● **Extracted data**:
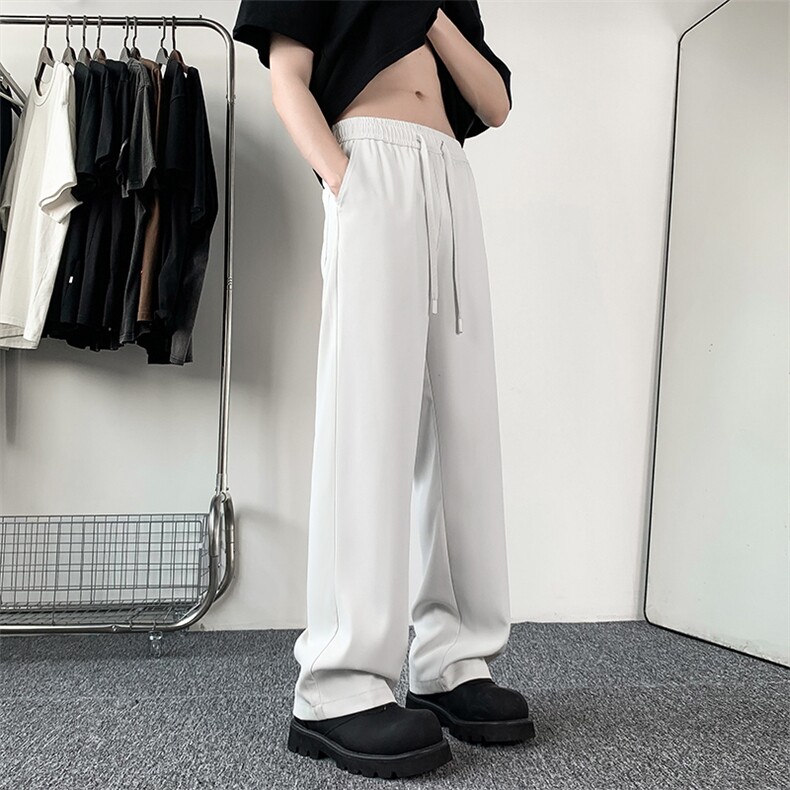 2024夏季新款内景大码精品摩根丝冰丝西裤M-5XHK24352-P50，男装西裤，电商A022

* * *

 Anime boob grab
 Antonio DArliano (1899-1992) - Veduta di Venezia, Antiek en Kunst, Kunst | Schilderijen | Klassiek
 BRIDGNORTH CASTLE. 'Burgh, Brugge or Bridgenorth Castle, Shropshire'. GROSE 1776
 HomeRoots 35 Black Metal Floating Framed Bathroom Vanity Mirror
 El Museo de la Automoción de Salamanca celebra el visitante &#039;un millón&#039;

● **What to produce**:
Output the material above exactly, but only from the line that carries "HomeRoots 35 Black" through the line that carries "El Museo de".

● **Answer section**:
 HomeRoots 35 Black Metal Floating Framed Bathroom Vanity Mirror
 El Museo de la Automoción de Salamanca celebra el visitante &#039;un millón&#039;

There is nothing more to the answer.